JD: You wrote a doctoral dissertation and have produced several exhibition projects related to environmental questions. What path or circumstances brought you to this most recent project? What is its origin?

BR: My doctorate was devoted to the inception of American ecological art in the 1960s and its development over three decades. This little-known movement has been overshadowed by Land Art, with which it is often erroneously compared. I undertook to write a critical history of this art movement in conjunction with that of American environmentalism in order to show the relevance of these practices, even if they had their problems.

In parallel with this work as a historian, I began to be interested in contemporary ecological practices (both artistic and curatorial) and to question their performance on the ecological and political levels. This led me to organize Acclimatation, with the Centre d’art de la Villa Arson in Nice in 2008; it was my first exhibition on the issues of artificial nature – or, as I call it, humanature. All of the spaces were devoted to an intuitive, and implicit, very versatile narrative built through works by about thirty artists, some of them clearly engaged in ecological issues and others without a position. The ethical stance of this exhibition was to not try to be a science museum or be dogmatic, so that the public had the freedom to apprehend things of nature. The fundamental mechanism of my exhibitions is the deconstruction of the public’s presumptions – the expectations generated by certain keywords, such as “nature” and “ecology.” Therefore, my second exhibition, Rehab, at the Fondation EDF in Paris in 2010, worked with the notion of recycling in the same way. As soon as the word “recycling” is uttered, everyone has a preconceived idea about it. I wanted to pick apart this mechanism and ask people to consider the fact that recycling is not always so very virtuous on the ecological level. We continue to be huge consumers of bottled water because the thought that the bottles will be recycled is reassuring. But recycling uses a lot of energy and requires a lot of water. An artwork by Tue Greenfort, 1 kilo PET, explained it perfectly.
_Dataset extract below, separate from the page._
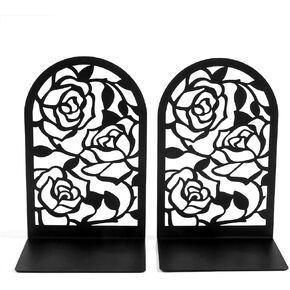 Book Ends, Elegant Beautiful Floral Bookends for Shelf Desktop Decor, Modern Kitchen Decorative Books Holder Stand, Books Support Accessories Gifts for Book Lover (Rose Flower B199)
The Edge of the Earth in Toronto works on a similar principle. Climate change, whether you believe in it or not, almost involuntarily evokes images and ideas among visitors. People think they know what might be exhibited in a show devoted to climate change. They have information; they expect certain standard presentations (images of catastrophe, “National Geographic” moments showing the resiliency of nature). But at the dawn of the Anthropocene Era, the geological period in which humans have become a considerable disruptive force at the telluric scale, it seemed to me that we should change visual paradigms…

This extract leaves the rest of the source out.